Former Belfast Presbyterian church bought by Catholic order
A former Belfast landmark Presbyterian church has been bought by a Catholic order after it closed in October last year.
Fortwilliam and Macrory Presbyterian Church on the Antrim Road was recently purchased by the Institute of Christ the King Sovereign Priest, which celebrates the Latin Mass.
Members of the institute have already moved in to the site saying it will reopen for Christian worship and faith with an emphasis on culture, sacred music and charitable events.
The listed building served as a place of worship for 133 years but a dwindling congregation meant keeping services running was no longer feasible.

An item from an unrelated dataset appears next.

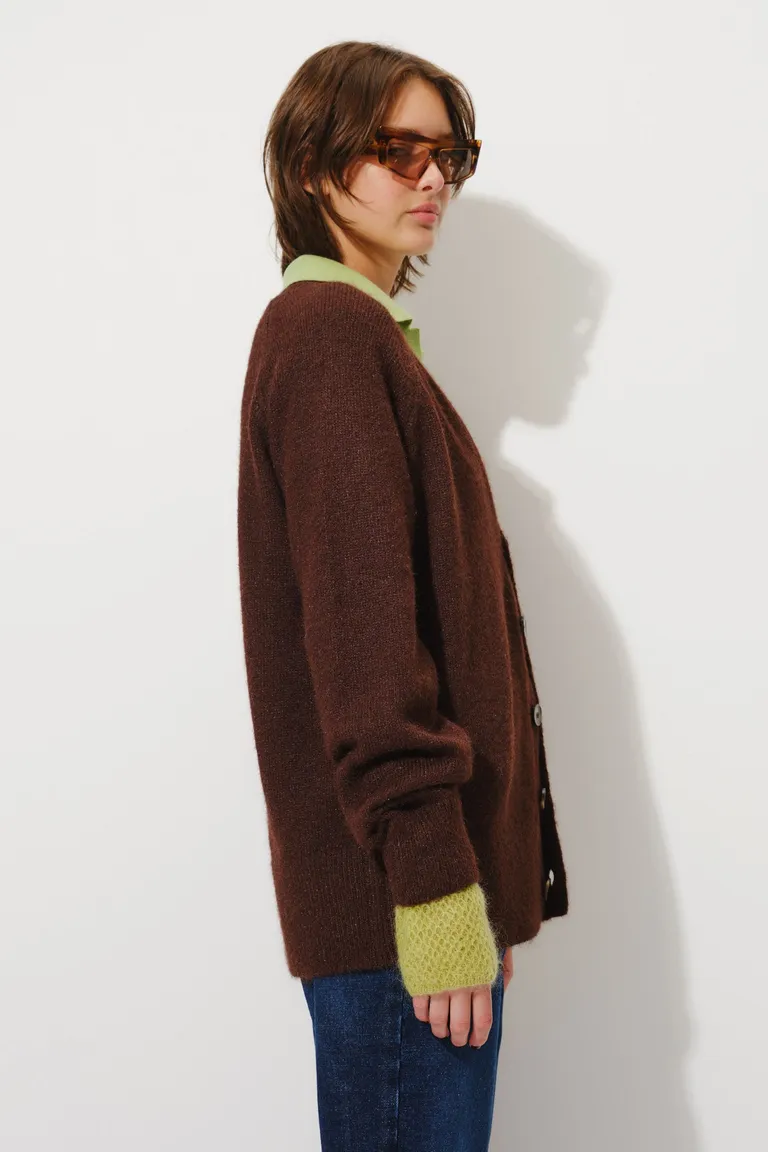 Cardigan oversize con escote en V abotonado y puños con detalle de contraste de Mishka en Buzos y Sweaters para argentina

The building's roots date to June 1880 when architects were invited to submit plans in a competition, with prizes of £30 for the winner and £10 for the runner-up.
The institute, which also has a base in Limerick, operates separately from the Diocese of Down and Connor and has been given permission from Bishop Noel Treanor to establish itself in the diocese.
It has 115 priests, 50 religious sisters who live a semi-cloistered life and 90 seminarians currently training for the priesthood at the international seminary at their institute in Florence, Italy.
The Institute of Christ the King celebrates the Latin Mass, also known as the Tridentine Mass, which was promoted by Saint Pope John XXIII in 1962.
"This liturgy, promoted by Saint John Paul II, Pope Benedict XVI and Pope Francis in various documents, attracts today an increasing number of people, especially young adults, students and families," said a spokesperson.
The Latin Mass was restricted in many places until 2007 when Pope Benedict signed a universal indult, or permission, for priests to continue to celebrate the 1962 Latin Mass under certain conditions.
"The cost of purchasing the Fortwilliam and Macrory church has been met by an interest-free loan which the Institute of Christ the King will have to reimburse over the next five years," the spokesperson added
"The institute wishes to bring the uplifting beauty of sacred worship and genuine culture to all."